Ninja innovation and what world governments can learn from the next Web leaders

Ninja innovation and what world governments can learn from the next Web leaders

Editor’s note: Gary Shapiro is president and CEO of the Consumer Electronics Association (CEA), the U.S. trade association representing more than 2,000 consumer electronics companies, and author of the New York Times best-selling books Ninja Innovation: The Ten Killer Strategies of the World’s Most Successful Businesses and The Comeback: How Innovation Will Restore the American Dream

Gary will be speaking at The Next Web Conference Europe 2013, which takes place in Amsterdam on 25-26 April. His views expressed here are his own. Connect with him on Twitter: @GaryShapiro.

Looking around the world today, things appear grim. The bank crisis in Cyprus threatened property rights of depositors; the EU economy is challenged and the US is slipping in global competitiveness rankings. Many look to the government for answers to economic problems, but we should be looking to the private sector for leadership and examples. By taking a look at the world’s most successful businesses and asking how they’ve achieved their greatness, countries, businesses, and individuals alike can learn to adapt winning strategies to help achieve their own goals as well.

In the 30 years I’ve spent in the consumer electronics industry, I’ve seen my fair share of companies that have tried and failed, and other savvy ones that have succeeded. During that time, I took mental notes on what characteristics, strategies, and personality traits the most successful entrepreneurs shared, eventually coining the term “ninja innovation” to describe the strength, cunning, intensity and adaptability they have in common.

The foundational trait of a ninja innovator is his or her commitment to victory. This means that his goal must be to outwit the enemy, or the competition, with a strategy in place to win. To do this, a ninja innovator must assemble a ‘strike force’ – a team of professionals that will help him achieve his goal. Many think of entrepreneurs as starting alone in a garage or basement and building an empire through individual toil. In reality, most successful entrepreneurs benefited from the insight and contributions of many people along the way to achieve those goals.
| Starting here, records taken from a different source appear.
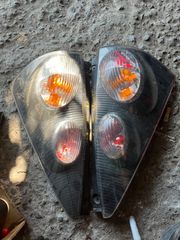 Citroen c1 2007 πίσω φανάρια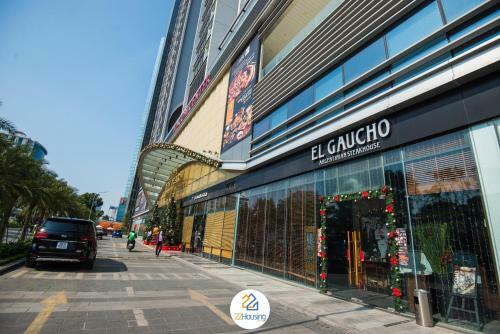 22housing Apartment Vinhomes Metropolis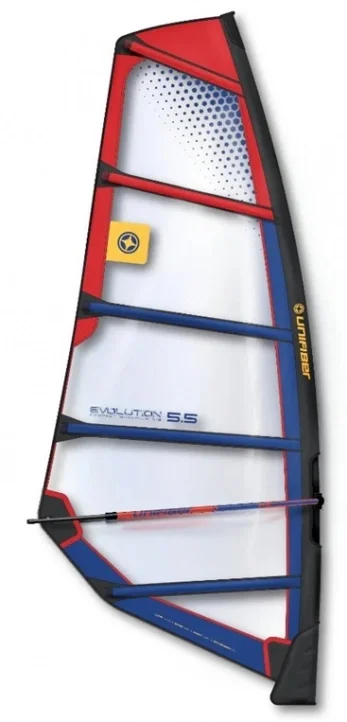 Unifiber Evolution II Complete Rig Beställ nu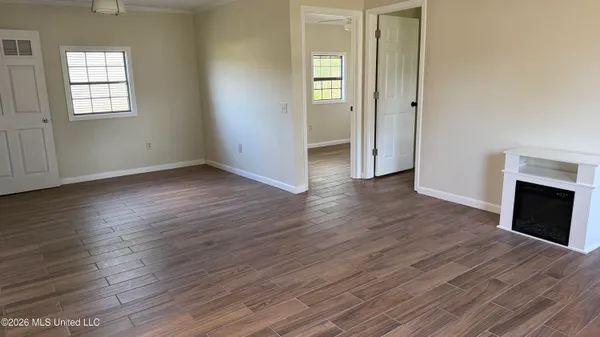 $200,850 | 818 Marion Boulevard, Unit A, Forest, MS 39074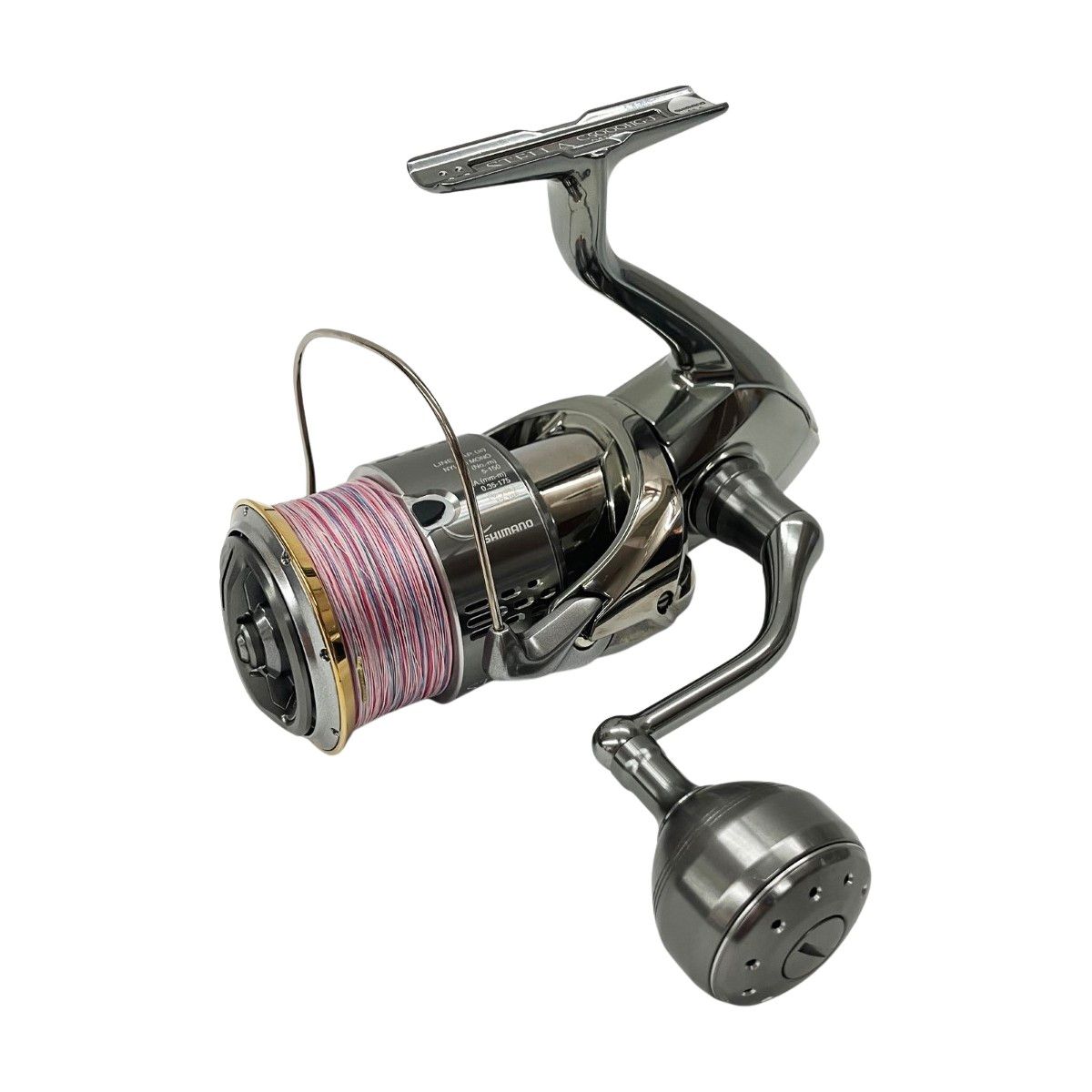 ダイワ ソルティガ 18000-H (リール) 価格比較 - 価格.com Daiwa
Next, the ninja innovator and his team must be prepared to take risks. The most successful business leaders treat their assignments as a way of life, not just a day job. It’s easy to want consistency and to avoid risk, but by being savvy and assessing the outcomes of different options, one can get a jump on competitors and position a company as the industry leader. Taking risks includes the possibility of failure, but a ninja innovator is prepared to learn from his mistakes and press on toward the goal in spite of setbacks.

The best way to prepare for these mishaps is to develop a living strategy that can change depending on the environment. By putting a blueprint in place, the ninja innovator knows the direction she’s willing to go and can quickly adapt and adjust to whichever situation comes her way. Ninja innovators also take advantage of their surroundings, always evaluating the opportunities and threats that are around them.

Finally, ninja innovators never settle and are never satisfied. The most successful business leaders are the ones that are always improving, always trying to find ways to achieve the next rung of success. Similarly, they have energy and passion to keep their businesses fresh and exciting. Ninja innovators think about what can be, rather than what is. They challenge themselves to make things happen, they make goals and they achieve.

Later this month, thousands of entrepreneurs in the technology space will gather in Amsterdam for The Next Web Conference Europe 2013, where we’ll explore these ideas in greater detail. I’m honored to be delivering a keynote address, but I’m most looking forward to meeting more ninja innovators and sharing ideas for success. The philosophy of ninja innovation is one that troubled companies – and governments – should turn to for guidance on navigating the course out of crisis and back to profitability and financial security.